## Requirement
From the listing that follows, count the lines including "Blue" and give the number alone.

## Data shown
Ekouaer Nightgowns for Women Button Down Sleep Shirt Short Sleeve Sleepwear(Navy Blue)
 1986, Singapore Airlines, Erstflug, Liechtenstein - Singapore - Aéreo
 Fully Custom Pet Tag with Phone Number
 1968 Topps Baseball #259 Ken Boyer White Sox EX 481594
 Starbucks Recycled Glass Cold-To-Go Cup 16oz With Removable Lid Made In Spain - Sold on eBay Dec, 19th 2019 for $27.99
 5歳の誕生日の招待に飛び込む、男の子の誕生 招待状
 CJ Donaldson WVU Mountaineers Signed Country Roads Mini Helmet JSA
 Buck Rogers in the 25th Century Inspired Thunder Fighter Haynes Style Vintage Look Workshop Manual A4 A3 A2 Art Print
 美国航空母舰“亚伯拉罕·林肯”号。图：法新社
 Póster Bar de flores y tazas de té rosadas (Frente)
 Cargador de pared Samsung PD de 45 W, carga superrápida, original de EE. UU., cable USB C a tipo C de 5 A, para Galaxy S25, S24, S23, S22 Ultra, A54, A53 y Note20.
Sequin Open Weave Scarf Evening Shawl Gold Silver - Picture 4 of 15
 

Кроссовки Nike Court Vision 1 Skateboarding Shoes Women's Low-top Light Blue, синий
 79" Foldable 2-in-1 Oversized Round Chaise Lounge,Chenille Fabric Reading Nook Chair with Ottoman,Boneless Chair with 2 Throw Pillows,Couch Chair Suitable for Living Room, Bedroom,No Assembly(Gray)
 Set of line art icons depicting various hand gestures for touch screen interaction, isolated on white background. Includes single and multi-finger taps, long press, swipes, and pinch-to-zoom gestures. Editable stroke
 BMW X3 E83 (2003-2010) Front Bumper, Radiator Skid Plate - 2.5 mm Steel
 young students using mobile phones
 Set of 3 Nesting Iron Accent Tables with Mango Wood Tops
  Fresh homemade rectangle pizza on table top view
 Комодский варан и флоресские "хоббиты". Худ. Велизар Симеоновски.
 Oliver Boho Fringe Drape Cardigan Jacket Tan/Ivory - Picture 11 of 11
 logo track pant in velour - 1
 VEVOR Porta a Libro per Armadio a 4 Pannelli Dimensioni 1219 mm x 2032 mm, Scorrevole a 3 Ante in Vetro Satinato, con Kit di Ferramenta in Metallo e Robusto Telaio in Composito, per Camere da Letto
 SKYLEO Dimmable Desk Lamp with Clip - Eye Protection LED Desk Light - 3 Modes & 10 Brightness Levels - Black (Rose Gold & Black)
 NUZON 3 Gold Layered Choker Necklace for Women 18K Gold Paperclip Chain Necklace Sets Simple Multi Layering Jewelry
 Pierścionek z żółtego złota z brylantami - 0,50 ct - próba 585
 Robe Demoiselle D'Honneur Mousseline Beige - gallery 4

## Output below
2